Nice. It looks like this is a fresh gateway breakthrough with low hanging fruit on the other side. It's always exciting when it's not just eeking out a small increment gains blown up by University Press.


What I want to know is, on the sample image of molybdenum disulfide (b), there is one atom on the right near the vertical center, that is noticeably dimmer than the rest. What could account for that?


It's a chalcogen vacancy, a very common type of defect in these materials. These materials are called transition metal dichacogenides, so they have the form MX2, where M is a metal (most commonly Mo or W) and X is a chalcogen (typically S or Se). In this case, there is an S missing, but you still see a spot because there is another S below it (if you look at the crystal structure, it resembles graphene but has more complex structure in the third dimension, its 3 atoms thick rather than being flat, with the two chalcogens in the unit cell right on top of each other).


Maybe that one was less reflective than the others?

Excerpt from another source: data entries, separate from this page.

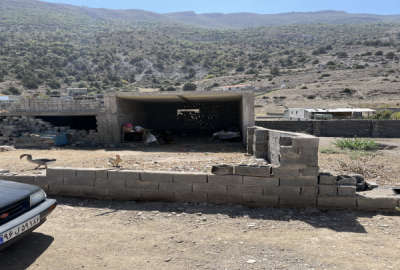 صدوهفتاد متر زمین با ساختمان نیمه کاره در منطقه پنجاب روستای گلاز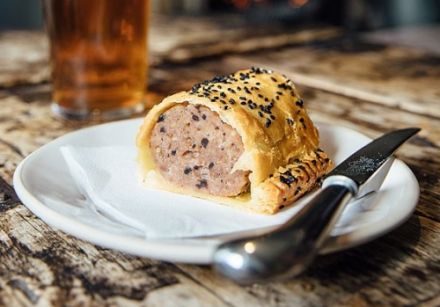 Sausage Rolls 1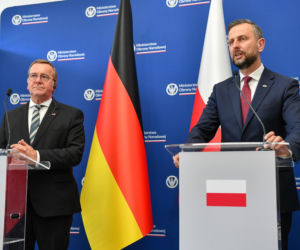 Od Bałtyku po kosmos. Polska i Niemcy podpisały nową umowę o współpracy obronnej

Pro tip: always polish the atoms when you make record breaking pictures of them.


When the tomography method is well developed, couldn’t this be use to scan the neural structure of a live brain? (i.e., to upload a brain)


It wouldn't work well at deep depths because it's interacting with the electron shell. After a few nanometer or two of tissue you'd have no signal. If you'd figured out a way to put a brain in the microscope. They tend to want samples in a vacuum, a few cm square and no more than a few mm thick including the sample mount.

You'd have to use something like neutrons, which don't interact with electrons and can be used to image internal structure. Those tend to have side-effects, though, like inducing radioactive decay in nuclei.


Don't fire electron beams at live brains, they don't like it.


  The basic principle of the technique was 
  proposed almost 50 years ago by the physicist 
  Walter Hoppe, who reasoned that there should 
  be enough information in the diffraction data 
  to work backwards to produce an image of the 
  diffracting object.
This kind of statement just absolutely cracks me up, because it's a clear reveal that between this sort of awareness of diffraction principles, and concepts like pilot wave theory, that double slit experiments and entanglement haven't been mysterious for decades.

It's all just media manipulation. There are very firmly understood concepts backing all the mechanics of quantum effects, and the journalists that push the ambiguities are simply trolling would-be amateurs for to fan the flames of confusion as a sort of outsider performance art.


There is enough information, should one be able to retain the phase; getting it from intensity is much more challenging.

I'm familiar with the work of one of the authors; he is a world expert on diffraction inverse problems in physical context. From a quick skim of the paper, it would appear that they're simply being careful and clever.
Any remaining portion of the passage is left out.